#### [What to produce]
Transcribe everything in the listing below exactly, except the pictures.
[[ Supplied material, beginning ]]
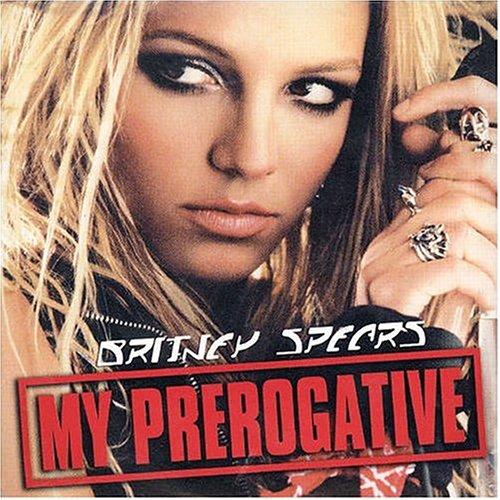 My Prerogative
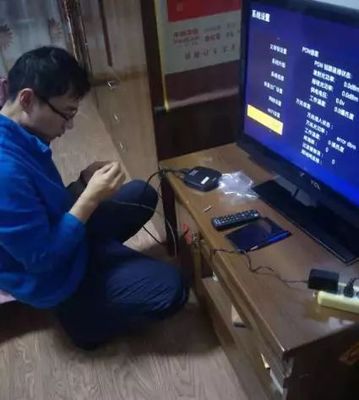 吉視傳媒用戶專享福利 新一代機頂盒煥新升級，暢享205套輪播頻道與免費點播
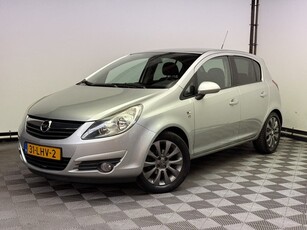 Opel Corsa 1.4-16V '111' Edition 5-drs Airco LM16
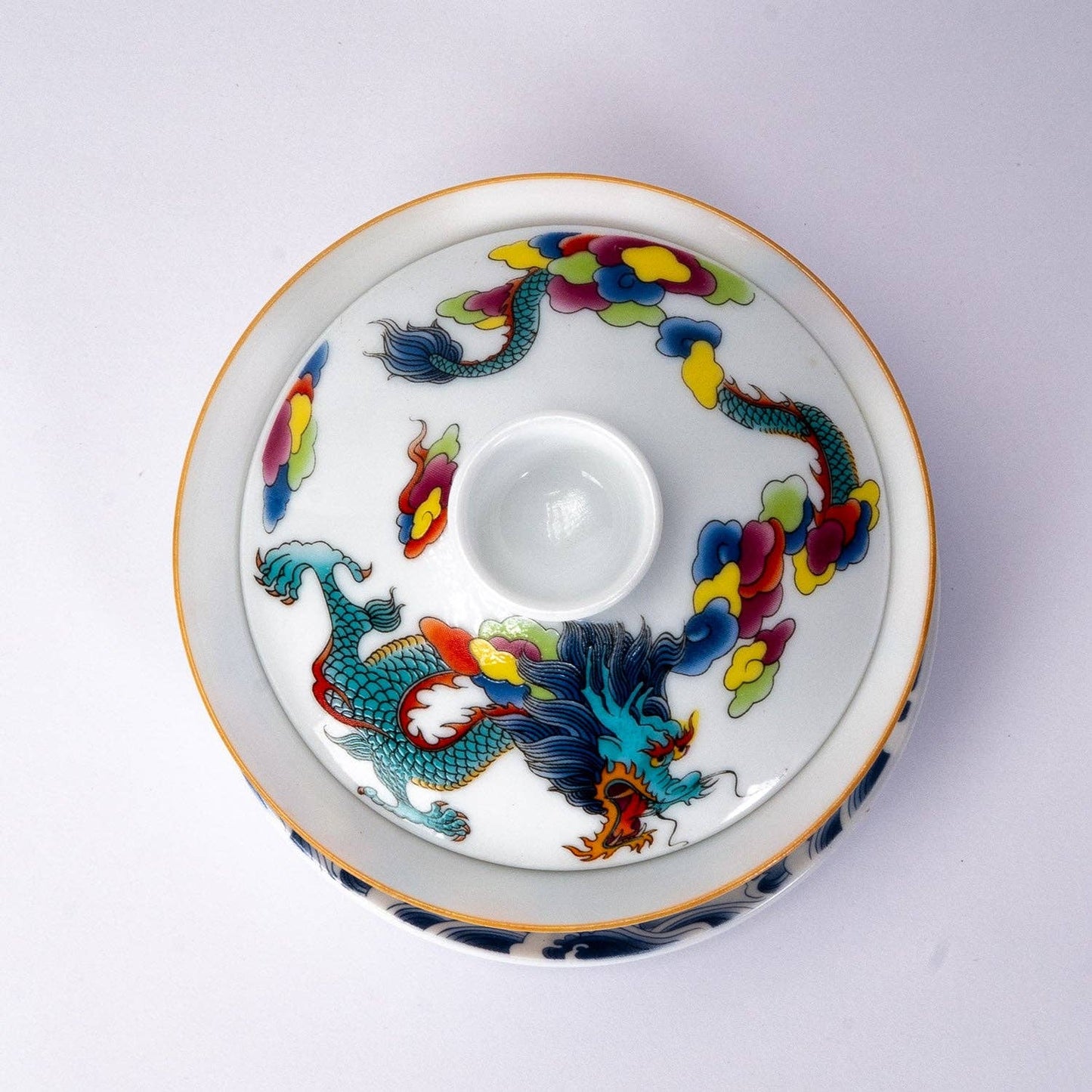 Dragon Gaiwan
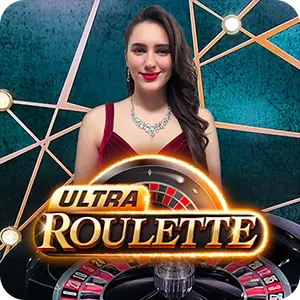 D Ultra Roulette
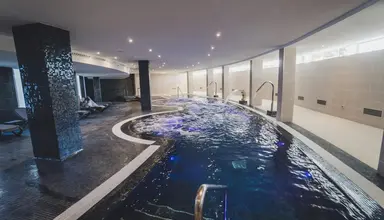 Gara Suites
[[ Supplied material, end ]]
#### [The completed task]
 My Prerogative
 吉視傳媒用戶專享福利 新一代機頂盒煥新升級，暢享205套輪播頻道與免費點播
 Opel Corsa 1.4-16V '111' Edition 5-drs Airco LM16
 Dragon Gaiwan
 D Ultra Roulette
 Gara Suites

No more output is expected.